→ Directions for this task
The lines below, from the one containing "Husky Sledding Self-Drive" through the one containing "av flytebrygga, den", should be set down exactly, with no pictures and nothing else.

→ Data extracts

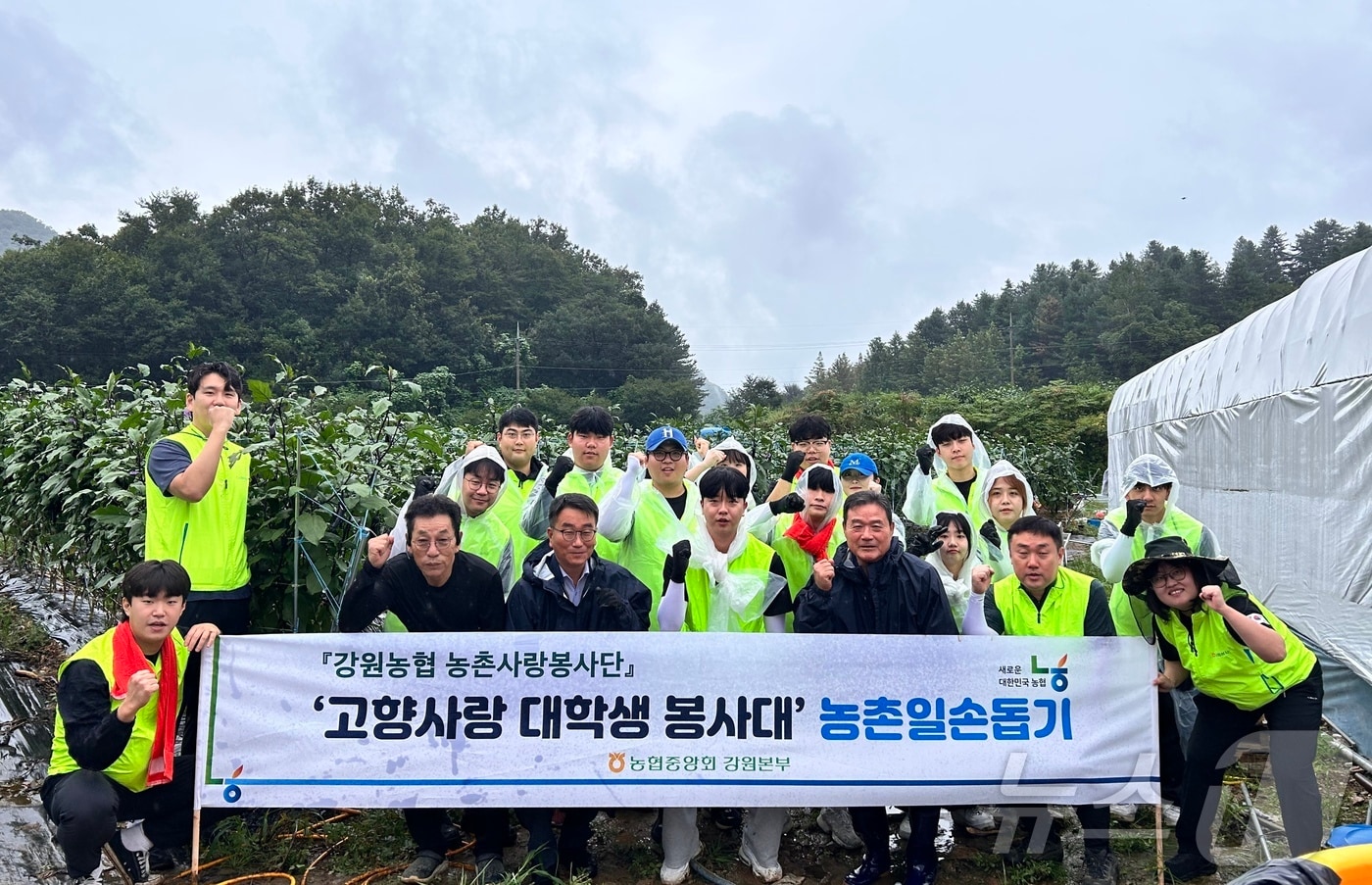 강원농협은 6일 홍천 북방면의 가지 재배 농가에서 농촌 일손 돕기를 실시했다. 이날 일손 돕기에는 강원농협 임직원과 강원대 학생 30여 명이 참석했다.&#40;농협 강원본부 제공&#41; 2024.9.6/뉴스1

---

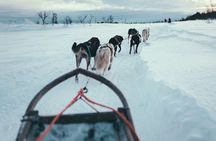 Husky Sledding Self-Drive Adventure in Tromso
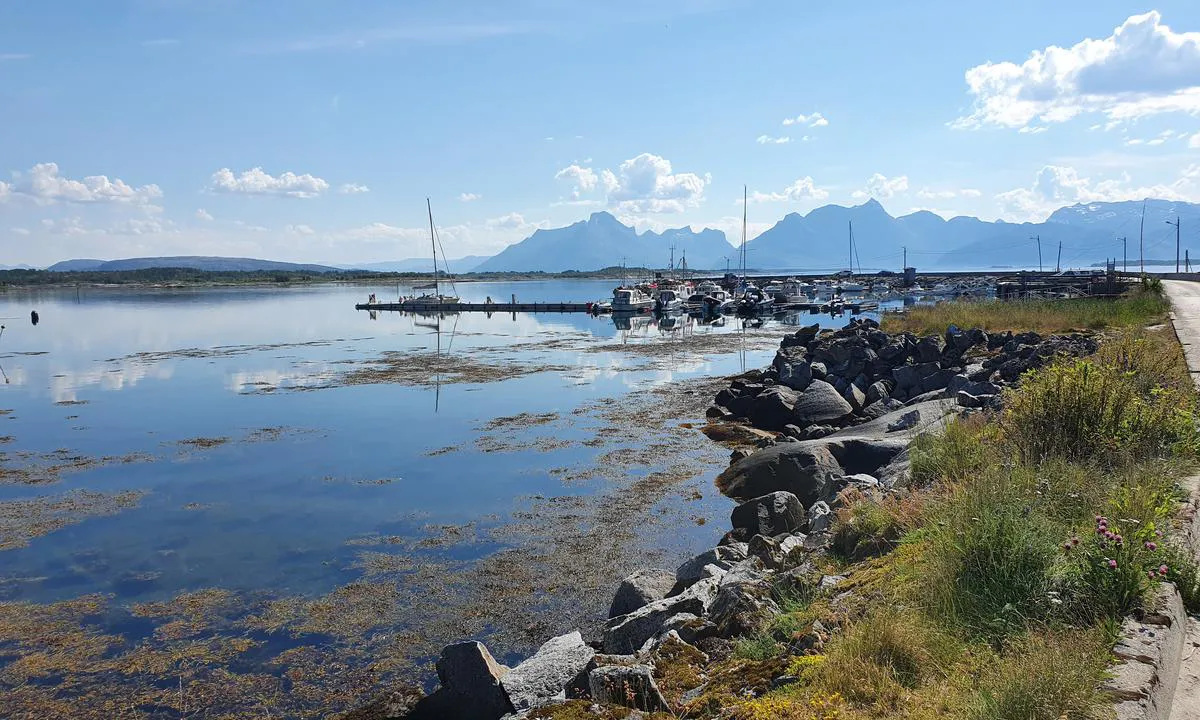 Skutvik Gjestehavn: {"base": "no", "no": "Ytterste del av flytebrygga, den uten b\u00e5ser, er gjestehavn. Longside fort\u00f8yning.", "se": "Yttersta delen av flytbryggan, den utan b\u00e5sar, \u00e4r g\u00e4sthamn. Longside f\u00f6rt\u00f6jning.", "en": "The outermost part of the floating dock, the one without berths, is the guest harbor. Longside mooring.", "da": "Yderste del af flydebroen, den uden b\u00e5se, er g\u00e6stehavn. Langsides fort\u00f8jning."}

* * *

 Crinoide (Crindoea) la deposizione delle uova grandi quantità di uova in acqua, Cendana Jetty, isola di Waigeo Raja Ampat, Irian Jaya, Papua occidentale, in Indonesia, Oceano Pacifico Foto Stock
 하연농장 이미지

→ Your response
 Husky Sledding Self-Drive Adventure in Tromso
 Skutvik Gjestehavn: {"base": "no", "no": "Ytterste del av flytebrygga, den uten b\u00e5ser, er gjestehavn. Longside fort\u00f8yning.", "se": "Yttersta delen av flytbryggan, den utan b\u00e5sar, \u00e4r g\u00e4sthamn. Longside f\u00f6rt\u00f6jning.", "en": "The outermost part of the floating dock, the one without berths, is the guest harbor. Longside mooring.", "da": "Yderste del af flydebroen, den uden b\u00e5se, er g\u00e6stehavn. Langsides fort\u00f8jning."}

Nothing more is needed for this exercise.